§ GOAL OF THE EXERCISE
The required answer is an exact copy of every entry underneath.
Top of SOURCE RECORDS
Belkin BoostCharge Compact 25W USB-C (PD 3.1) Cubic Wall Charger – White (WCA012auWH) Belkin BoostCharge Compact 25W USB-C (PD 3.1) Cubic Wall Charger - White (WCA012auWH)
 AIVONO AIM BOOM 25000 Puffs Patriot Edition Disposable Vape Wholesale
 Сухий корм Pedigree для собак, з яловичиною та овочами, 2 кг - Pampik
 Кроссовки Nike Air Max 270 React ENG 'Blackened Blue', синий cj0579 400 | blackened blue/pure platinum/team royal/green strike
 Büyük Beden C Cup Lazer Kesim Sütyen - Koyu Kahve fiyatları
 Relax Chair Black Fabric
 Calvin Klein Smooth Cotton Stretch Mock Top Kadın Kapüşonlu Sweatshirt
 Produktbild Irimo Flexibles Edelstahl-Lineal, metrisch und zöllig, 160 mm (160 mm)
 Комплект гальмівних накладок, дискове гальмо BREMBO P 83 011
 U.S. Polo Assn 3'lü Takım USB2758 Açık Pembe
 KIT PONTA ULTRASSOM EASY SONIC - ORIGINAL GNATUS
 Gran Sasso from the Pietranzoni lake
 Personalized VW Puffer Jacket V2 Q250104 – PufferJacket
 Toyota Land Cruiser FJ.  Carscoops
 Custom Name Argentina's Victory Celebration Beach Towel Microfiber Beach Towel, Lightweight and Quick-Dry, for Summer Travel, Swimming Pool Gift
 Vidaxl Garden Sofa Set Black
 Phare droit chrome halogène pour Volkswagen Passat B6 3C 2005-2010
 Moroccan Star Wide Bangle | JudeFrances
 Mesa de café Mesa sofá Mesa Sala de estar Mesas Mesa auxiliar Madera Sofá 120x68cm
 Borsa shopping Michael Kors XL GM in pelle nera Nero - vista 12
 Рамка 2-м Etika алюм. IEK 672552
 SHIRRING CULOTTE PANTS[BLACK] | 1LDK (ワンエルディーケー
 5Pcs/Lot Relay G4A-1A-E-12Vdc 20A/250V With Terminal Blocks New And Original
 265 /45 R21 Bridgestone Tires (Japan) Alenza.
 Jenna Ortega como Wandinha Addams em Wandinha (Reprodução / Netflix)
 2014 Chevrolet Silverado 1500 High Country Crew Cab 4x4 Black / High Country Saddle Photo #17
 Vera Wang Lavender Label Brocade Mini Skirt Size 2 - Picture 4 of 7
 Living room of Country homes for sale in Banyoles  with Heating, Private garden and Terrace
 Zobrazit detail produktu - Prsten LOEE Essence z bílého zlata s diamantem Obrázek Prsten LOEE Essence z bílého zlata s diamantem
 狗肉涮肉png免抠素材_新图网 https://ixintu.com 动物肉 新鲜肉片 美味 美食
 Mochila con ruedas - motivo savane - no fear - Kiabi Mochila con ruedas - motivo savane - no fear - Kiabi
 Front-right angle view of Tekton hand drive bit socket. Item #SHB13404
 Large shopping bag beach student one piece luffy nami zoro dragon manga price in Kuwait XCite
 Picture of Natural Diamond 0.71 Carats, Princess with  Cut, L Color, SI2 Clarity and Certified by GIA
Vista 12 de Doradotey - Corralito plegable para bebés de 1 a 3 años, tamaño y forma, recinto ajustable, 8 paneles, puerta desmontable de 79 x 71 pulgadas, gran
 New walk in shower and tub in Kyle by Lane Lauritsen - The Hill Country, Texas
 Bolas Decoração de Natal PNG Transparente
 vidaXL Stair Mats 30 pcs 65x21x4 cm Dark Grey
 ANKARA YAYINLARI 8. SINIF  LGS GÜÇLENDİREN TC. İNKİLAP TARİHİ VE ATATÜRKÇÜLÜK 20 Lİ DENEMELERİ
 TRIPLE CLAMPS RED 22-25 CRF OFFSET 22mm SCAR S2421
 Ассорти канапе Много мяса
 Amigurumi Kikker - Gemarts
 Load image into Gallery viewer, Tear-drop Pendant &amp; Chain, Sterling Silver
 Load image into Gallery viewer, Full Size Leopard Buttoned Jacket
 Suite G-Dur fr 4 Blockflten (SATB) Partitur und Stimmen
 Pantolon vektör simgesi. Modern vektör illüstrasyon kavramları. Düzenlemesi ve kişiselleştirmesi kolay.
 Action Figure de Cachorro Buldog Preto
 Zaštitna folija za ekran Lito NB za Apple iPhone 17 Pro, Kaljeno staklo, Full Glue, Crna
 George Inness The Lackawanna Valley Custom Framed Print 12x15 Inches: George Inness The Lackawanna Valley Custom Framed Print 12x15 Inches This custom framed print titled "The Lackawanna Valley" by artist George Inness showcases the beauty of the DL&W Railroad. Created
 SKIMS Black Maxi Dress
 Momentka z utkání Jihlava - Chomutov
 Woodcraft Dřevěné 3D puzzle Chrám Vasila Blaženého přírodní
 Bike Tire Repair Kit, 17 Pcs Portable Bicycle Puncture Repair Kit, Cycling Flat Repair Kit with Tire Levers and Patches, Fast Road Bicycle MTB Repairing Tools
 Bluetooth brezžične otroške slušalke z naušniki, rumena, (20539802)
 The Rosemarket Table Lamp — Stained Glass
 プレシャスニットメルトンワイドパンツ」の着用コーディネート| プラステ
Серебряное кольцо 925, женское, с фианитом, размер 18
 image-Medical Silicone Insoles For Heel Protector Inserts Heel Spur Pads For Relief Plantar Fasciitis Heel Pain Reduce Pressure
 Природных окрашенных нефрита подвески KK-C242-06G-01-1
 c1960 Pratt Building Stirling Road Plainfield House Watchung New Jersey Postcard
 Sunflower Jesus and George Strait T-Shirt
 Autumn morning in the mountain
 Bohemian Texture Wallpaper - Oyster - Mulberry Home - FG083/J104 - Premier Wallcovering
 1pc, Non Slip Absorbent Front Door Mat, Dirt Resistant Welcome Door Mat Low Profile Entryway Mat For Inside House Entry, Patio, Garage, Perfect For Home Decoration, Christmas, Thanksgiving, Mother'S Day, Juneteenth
Bottom of SOURCE RECORDS
§ TASK RESULT
Belkin BoostCharge Compact 25W USB-C (PD 3.1) Cubic Wall Charger – White (WCA012auWH) Belkin BoostCharge Compact 25W USB-C (PD 3.1) Cubic Wall Charger - White (WCA012auWH)
 AIVONO AIM BOOM 25000 Puffs Patriot Edition Disposable Vape Wholesale
 Сухий корм Pedigree для собак, з яловичиною та овочами, 2 кг - Pampik
 Кроссовки Nike Air Max 270 React ENG 'Blackened Blue', синий cj0579 400 | blackened blue/pure platinum/team royal/green strike
 Büyük Beden C Cup Lazer Kesim Sütyen - Koyu Kahve fiyatları
 Relax Chair Black Fabric
 Calvin Klein Smooth Cotton Stretch Mock Top Kadın Kapüşonlu Sweatshirt
 Produktbild Irimo Flexibles Edelstahl-Lineal, metrisch und zöllig, 160 mm (160 mm)
 Комплект гальмівних накладок, дискове гальмо BREMBO P 83 011
 U.S. Polo Assn 3'lü Takım USB2758 Açık Pembe
 KIT PONTA ULTRASSOM EASY SONIC - ORIGINAL GNATUS
 Gran Sasso from the Pietranzoni lake
 Personalized VW Puffer Jacket V2 Q250104 – PufferJacket
 Toyota Land Cruiser FJ.  Carscoops
 Custom Name Argentina's Victory Celebration Beach Towel Microfiber Beach Towel, Lightweight and Quick-Dry, for Summer Travel, Swimming Pool Gift
 Vidaxl Garden Sofa Set Black
 Phare droit chrome halogène pour Volkswagen Passat B6 3C 2005-2010
 Moroccan Star Wide Bangle | JudeFrances
 Mesa de café Mesa sofá Mesa Sala de estar Mesas Mesa auxiliar Madera Sofá 120x68cm
 Borsa shopping Michael Kors XL GM in pelle nera Nero - vista 12
 Рамка 2-м Etika алюм. IEK 672552
 SHIRRING CULOTTE PANTS[BLACK] | 1LDK (ワンエルディーケー
 5Pcs/Lot Relay G4A-1A-E-12Vdc 20A/250V With Terminal Blocks New And Original
 265 /45 R21 Bridgestone Tires (Japan) Alenza.
 Jenna Ortega como Wandinha Addams em Wandinha (Reprodução / Netflix)
 2014 Chevrolet Silverado 1500 High Country Crew Cab 4x4 Black / High Country Saddle Photo #17
 Vera Wang Lavender Label Brocade Mini Skirt Size 2 - Picture 4 of 7
 Living room of Country homes for sale in Banyoles  with Heating, Private garden and Terrace
 Zobrazit detail produktu - Prsten LOEE Essence z bílého zlata s diamantem Obrázek Prsten LOEE Essence z bílého zlata s diamantem
 狗肉涮肉png免抠素材_新图网 https://ixintu.com 动物肉 新鲜肉片 美味 美食
 Mochila con ruedas - motivo savane - no fear - Kiabi Mochila con ruedas - motivo savane - no fear - Kiabi
 Front-right angle view of Tekton hand drive bit socket. Item #SHB13404
 Large shopping bag beach student one piece luffy nami zoro dragon manga price in Kuwait XCite
 Picture of Natural Diamond 0.71 Carats, Princess with  Cut, L Color, SI2 Clarity and Certified by GIA
Vista 12 de Doradotey - Corralito plegable para bebés de 1 a 3 años, tamaño y forma, recinto ajustable, 8 paneles, puerta desmontable de 79 x 71 pulgadas, gran
 New walk in shower and tub in Kyle by Lane Lauritsen - The Hill Country, Texas
 Bolas Decoração de Natal PNG Transparente
 vidaXL Stair Mats 30 pcs 65x21x4 cm Dark Grey
 ANKARA YAYINLARI 8. SINIF  LGS GÜÇLENDİREN TC. İNKİLAP TARİHİ VE ATATÜRKÇÜLÜK 20 Lİ DENEMELERİ
 TRIPLE CLAMPS RED 22-25 CRF OFFSET 22mm SCAR S2421
 Ассорти канапе Много мяса
 Amigurumi Kikker - Gemarts
 Load image into Gallery viewer, Tear-drop Pendant &amp; Chain, Sterling Silver
 Load image into Gallery viewer, Full Size Leopard Buttoned Jacket
 Suite G-Dur fr 4 Blockflten (SATB) Partitur und Stimmen
 Pantolon vektör simgesi. Modern vektör illüstrasyon kavramları. Düzenlemesi ve kişiselleştirmesi kolay.
 Action Figure de Cachorro Buldog Preto
 Zaštitna folija za ekran Lito NB za Apple iPhone 17 Pro, Kaljeno staklo, Full Glue, Crna
 George Inness The Lackawanna Valley Custom Framed Print 12x15 Inches: George Inness The Lackawanna Valley Custom Framed Print 12x15 Inches This custom framed print titled "The Lackawanna Valley" by artist George Inness showcases the beauty of the DL&W Railroad. Created
 SKIMS Black Maxi Dress
 Momentka z utkání Jihlava - Chomutov
 Woodcraft Dřevěné 3D puzzle Chrám Vasila Blaženého přírodní
 Bike Tire Repair Kit, 17 Pcs Portable Bicycle Puncture Repair Kit, Cycling Flat Repair Kit with Tire Levers and Patches, Fast Road Bicycle MTB Repairing Tools
 Bluetooth brezžične otroške slušalke z naušniki, rumena, (20539802)
 The Rosemarket Table Lamp — Stained Glass
 プレシャスニットメルトンワイドパンツ」の着用コーディネート| プラステ
Серебряное кольцо 925, женское, с фианитом, размер 18
 image-Medical Silicone Insoles For Heel Protector Inserts Heel Spur Pads For Relief Plantar Fasciitis Heel Pain Reduce Pressure
 Природных окрашенных нефрита подвески KK-C242-06G-01-1
 c1960 Pratt Building Stirling Road Plainfield House Watchung New Jersey Postcard
 Sunflower Jesus and George Strait T-Shirt
 Autumn morning in the mountain
 Bohemian Texture Wallpaper - Oyster - Mulberry Home - FG083/J104 - Premier Wallcovering
 1pc, Non Slip Absorbent Front Door Mat, Dirt Resistant Welcome Door Mat Low Profile Entryway Mat For Inside House Entry, Patio, Garage, Perfect For Home Decoration, Christmas, Thanksgiving, Mother'S Day, Juneteenth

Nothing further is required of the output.